The Time to Rise Up is Now
We have seen young people begin to step up onto the public stage to demand systemic change that will allow for a sustainable future. Millennials have organized marches in America’s biggest cities to draw attention to the existential crisis that is climate change. Students have led movements that have pressured major corporations into divesting completely from fossil fuels. We, too, have placed time and energy into influencing the process that allows for change on the level of policy. Notably, at the 2015 United Nations Climate Change Conference in Paris, young people congregated with other activists, politicians, and scientists as members of delegations and as NGO representatives to demonstrate a deep desire to innovate how we’re looking at the issue of climate change. Brianna Fruean, a 17-year-old delegate from the island nation of American Samoa, summed up the feelings of the millennial generation during a panel discussion with one simple answer: “We can’t wait for another meeting that leads to another meeting. We have to act now.”

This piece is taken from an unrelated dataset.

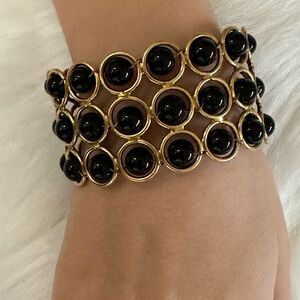ONYX Gold Tone Bracelet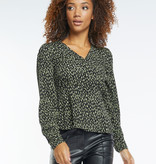 Lofty Manner Black Green Blouse Shayna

We, as millennials, as activists, and as champions for an environmentally conscious approach to policy and industry, have seen the devastating effects of climate change. We have seen more droughts and more heatwaves than any generation before us. We have witnessed the unpredictability of recent precipitation patterns. We have noticed sea levels rise and coastlines shrink. We have mourned the damage caused by natural disasters such as the Louisiana floods. Unlike many of those before us, though, we realize that we can’t simply wait and expect our lawmakers to quickly, honestly, and efficiently work to solve the problems presented by climate change while working to place limits on human activities that have been proven to cause it without organizing to collectively place pressure on them to act in our best interests. We are fully aware that crises like the flooding in Louisiana will only become more frequent and more harmful if left unattended. As members of an environmentally conscious, educated, organized, and interconnected generation, though, we have a responsibility to act, to organize, to agitate, and to educate. In the words of teen activist Xiuhtezcatl Martinez, “humans have created the greatest problem we face today, but the greater the challenge the higher we will rise to meet it.” If any segment of society is inspired enough, educated enough, prepared enough, and pissed off enough to effectively work towards meaningful change on the systemic level to put an end to climate change and its disastrous effects, it is Generation Y.